Will I be able to sell my equity interests?

Equity interests are generally not transferable. Rare exceptions will require the approval of Compounding Capital Group and will be subject to strict SEC regulations regarding resale. Even with permission from CCG, there is no guarantee that you will be able to sell your equity interests legally. Investors should be prepared to hold their equity interests for the life of the communicated hold period.

Will I be updated about my investment?

Compounding Capital Group will provide periodic updates to all investors. Updates will be delivered via email or via your Compounding Capital Group Investor Portal. In addition, you will receive 1099 tax documents every year for the interest earned from your equity interests.

How do you get compensated?

To date we have invested our own capital in all of our own deals. We place our own money beside yours.
We have backend equity interests; our personal returns are highly dependent on the final performance of the property after 5 years.
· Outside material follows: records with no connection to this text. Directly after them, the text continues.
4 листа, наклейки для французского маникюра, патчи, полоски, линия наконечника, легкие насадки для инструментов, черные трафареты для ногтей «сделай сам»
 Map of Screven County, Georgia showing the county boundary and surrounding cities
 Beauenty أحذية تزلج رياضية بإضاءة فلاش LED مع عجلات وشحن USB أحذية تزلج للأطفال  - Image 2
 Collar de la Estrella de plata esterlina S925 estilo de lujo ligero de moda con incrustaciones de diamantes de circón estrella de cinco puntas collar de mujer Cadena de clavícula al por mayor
We have class B shares so all passive investors are prioritized in compensation and we are only rewarded if the asset exceeds expectations.
While you do not pay us directly, we charge a small percentage of the total equity at acquisition and disposition in addition to a small percentage of ongoing cash flow as an “asset management fee”. This helps cover the thousands we pay out of our own pockets to run our business, finding these deals, setting up systems, and devoting the daily time to ensure the success of the asset.

How will this affect my taxes?

As a passive investor (Limited Partner), you own a percentage of the property, which allows for several tax advantages. The IRS allows real estate investors to expense a portion of the purchase price and capital improvements made to the property through depreciation. Please note that we are not tax professionals so you need to consult your tax advisor or CPA.

Can I invest through an IRA?

Yes. You can invest through a Self-Directed IRA by locating an SDIRA custodian if you do not have one currently. Many banks and brokerage firms will not allow investment assets like ours in their IRAs.

Is there an investment minimum?

Yes. You can anticipate a minimum investment of $50,000, which may change at management’s discretion.